- _What to do_
What is needed is an exact copy of every line from the one with "this 800×600 image." to the end of the entries below, without the pictures.

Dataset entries
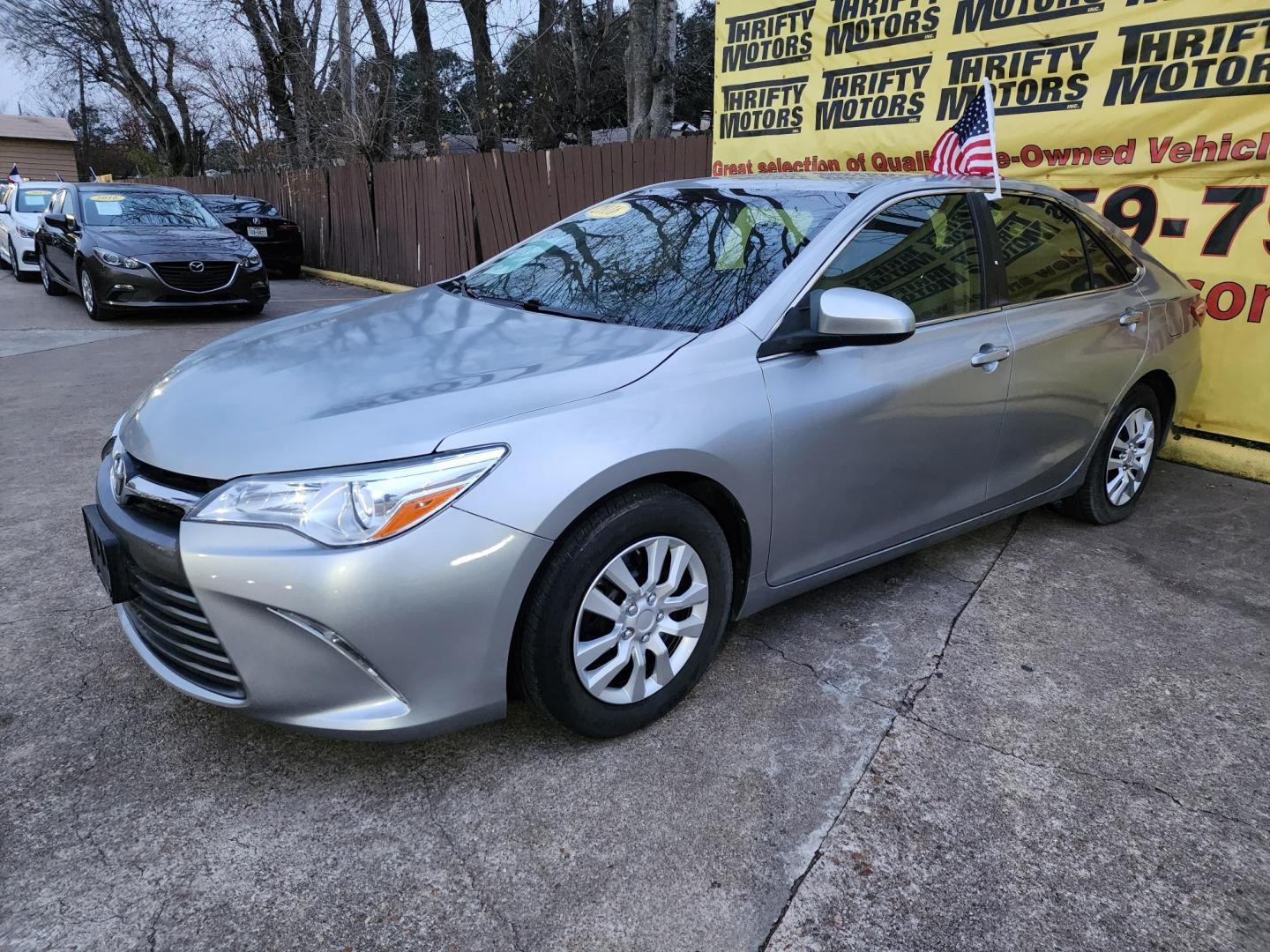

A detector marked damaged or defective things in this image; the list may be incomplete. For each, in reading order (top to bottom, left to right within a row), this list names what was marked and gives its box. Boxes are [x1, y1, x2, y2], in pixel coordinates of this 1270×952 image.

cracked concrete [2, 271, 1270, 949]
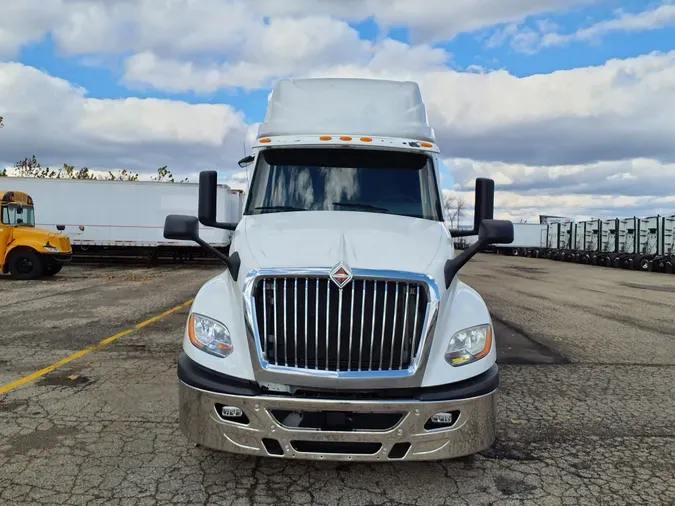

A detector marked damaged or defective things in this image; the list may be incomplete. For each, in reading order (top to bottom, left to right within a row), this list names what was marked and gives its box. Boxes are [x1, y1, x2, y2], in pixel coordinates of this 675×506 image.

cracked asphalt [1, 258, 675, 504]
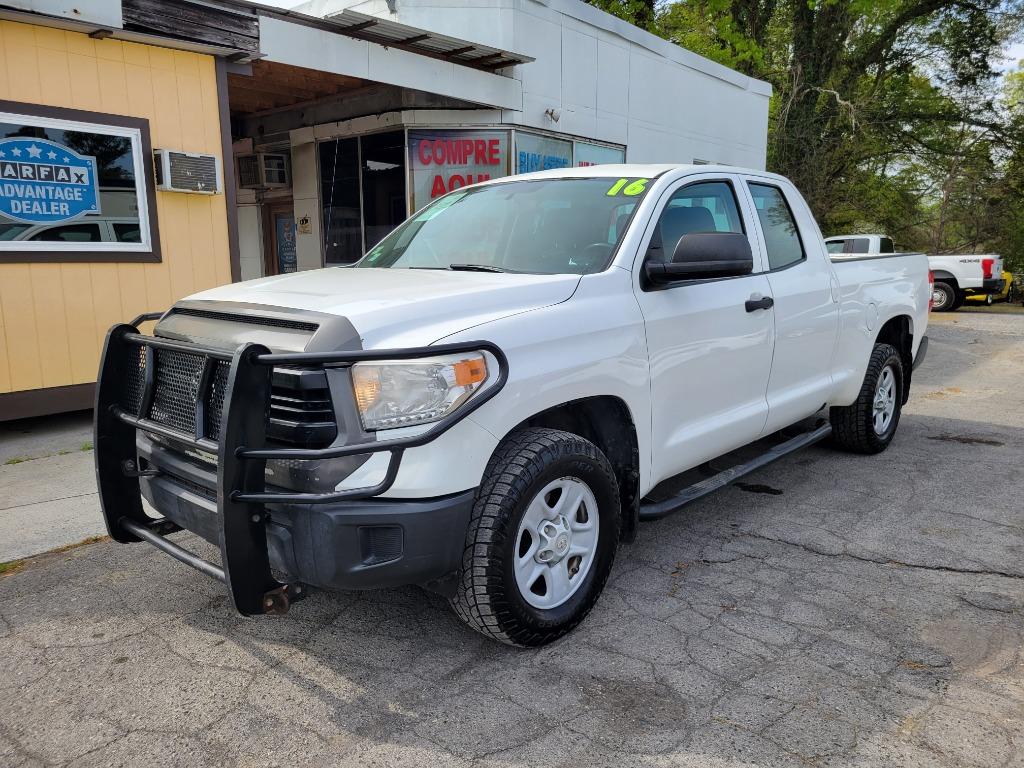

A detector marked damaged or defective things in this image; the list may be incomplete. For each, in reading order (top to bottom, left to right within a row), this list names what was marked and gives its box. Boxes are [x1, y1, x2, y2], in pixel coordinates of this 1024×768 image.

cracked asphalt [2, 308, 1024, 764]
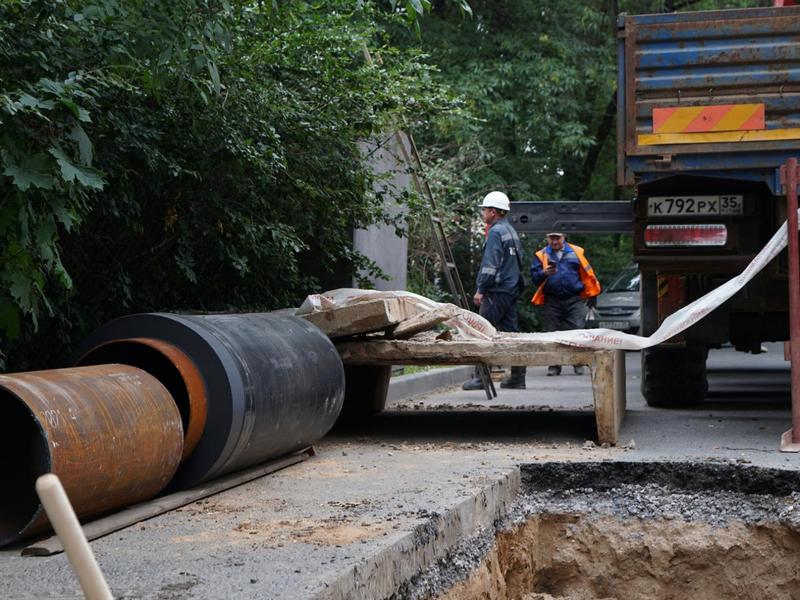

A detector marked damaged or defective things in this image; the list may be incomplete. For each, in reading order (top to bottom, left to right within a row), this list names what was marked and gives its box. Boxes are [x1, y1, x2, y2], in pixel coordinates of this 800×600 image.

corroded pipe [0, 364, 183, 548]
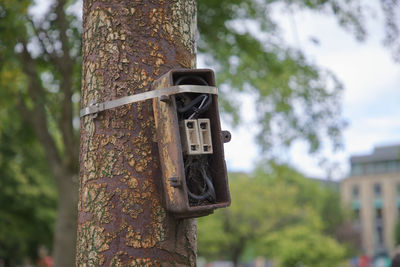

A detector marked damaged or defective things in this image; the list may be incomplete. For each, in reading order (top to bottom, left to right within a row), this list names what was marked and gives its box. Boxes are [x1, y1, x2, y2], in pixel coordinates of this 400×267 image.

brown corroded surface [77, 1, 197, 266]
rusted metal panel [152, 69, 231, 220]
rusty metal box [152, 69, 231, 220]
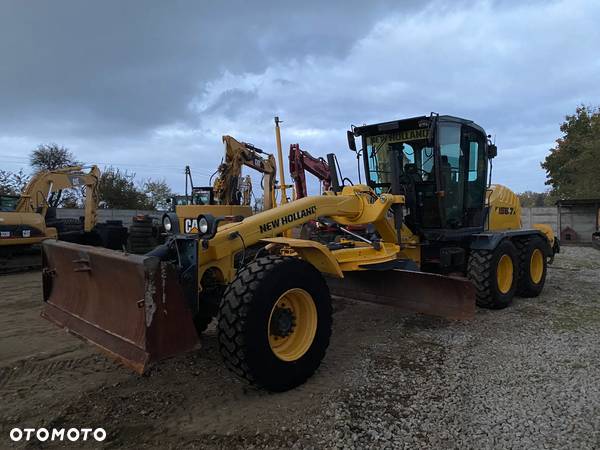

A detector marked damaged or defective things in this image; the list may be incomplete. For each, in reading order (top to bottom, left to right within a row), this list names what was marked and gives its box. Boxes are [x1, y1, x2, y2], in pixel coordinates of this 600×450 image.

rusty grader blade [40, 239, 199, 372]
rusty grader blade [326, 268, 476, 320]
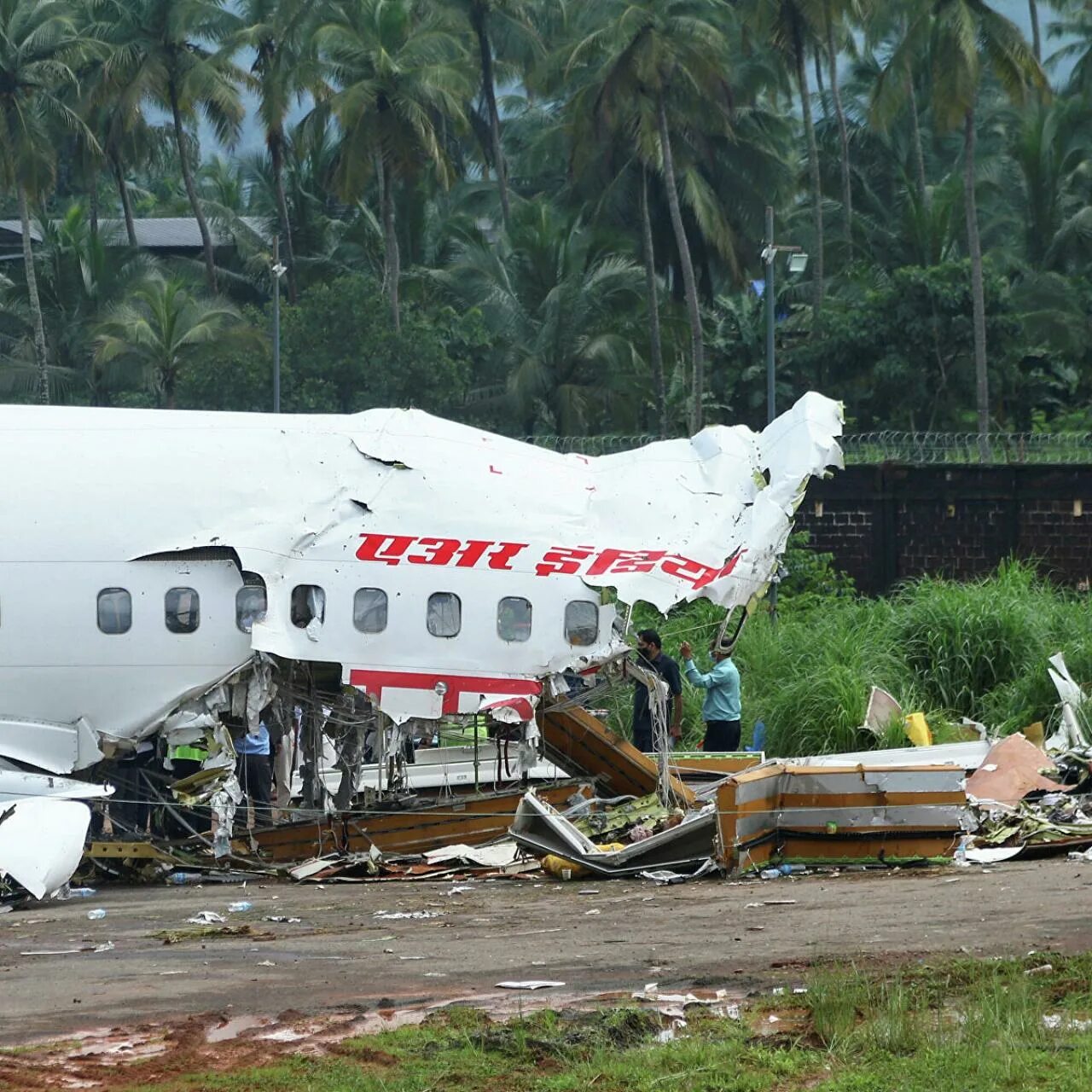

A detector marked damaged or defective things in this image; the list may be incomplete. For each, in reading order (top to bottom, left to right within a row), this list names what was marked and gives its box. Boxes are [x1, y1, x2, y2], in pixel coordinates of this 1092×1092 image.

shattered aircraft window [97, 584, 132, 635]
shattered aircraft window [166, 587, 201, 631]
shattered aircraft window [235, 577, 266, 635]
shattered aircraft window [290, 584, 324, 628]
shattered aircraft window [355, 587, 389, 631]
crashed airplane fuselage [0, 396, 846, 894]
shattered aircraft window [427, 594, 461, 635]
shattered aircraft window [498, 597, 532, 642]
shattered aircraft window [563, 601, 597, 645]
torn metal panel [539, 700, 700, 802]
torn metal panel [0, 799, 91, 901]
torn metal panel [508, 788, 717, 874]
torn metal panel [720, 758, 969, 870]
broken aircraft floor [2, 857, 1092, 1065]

- _Final answer_
A detector marked damaged or defective things in this image; the list may be incomplete. For each, in reading order (top to bottom, left to right within a row), this list names what was marked and gives its box. Boxes are [x1, y1, x2, y2], in pixel coordinates of this 800×600 image.

corroded pipe [0, 364, 183, 548]

A detector marked damaged or defective things in this image; the list may be incomplete. For each, in reading order (top to bottom, left to right within a row), this list names what was marked and gives its box. Boxes are [x1, y1, x2, y2], in pixel coordinates of this 400×267 image.

brown corroded surface [77, 1, 197, 266]
rusted metal panel [152, 69, 231, 220]
rusty metal box [152, 69, 231, 220]

A detector marked damaged or defective things in this image; the list may be incomplete. For each, in reading order (top to bottom, left to right within a row), this list names what was marked and gives its box. Boxes are [x1, y1, x2, y2], in pixel coordinates of this 600×450 image.

rusty grader blade [40, 239, 199, 372]
rusty grader blade [326, 268, 476, 320]

A detector marked damaged or defective things in this image; the list may be incomplete. For each, in reading order (top to bottom, left to right within a row), this list names what was marked and gives its box. Boxes are [x1, y1, x2, y2], in pixel coordinates of this 1092×1092 image.

shattered aircraft window [97, 584, 132, 635]
shattered aircraft window [166, 587, 201, 631]
shattered aircraft window [235, 577, 266, 635]
shattered aircraft window [290, 584, 324, 628]
shattered aircraft window [355, 587, 389, 631]
crashed airplane fuselage [0, 396, 846, 894]
shattered aircraft window [427, 594, 461, 635]
shattered aircraft window [498, 597, 532, 642]
shattered aircraft window [563, 601, 597, 645]
torn metal panel [539, 700, 700, 802]
torn metal panel [0, 799, 91, 901]
torn metal panel [508, 788, 717, 874]
torn metal panel [720, 758, 969, 870]
broken aircraft floor [2, 857, 1092, 1065]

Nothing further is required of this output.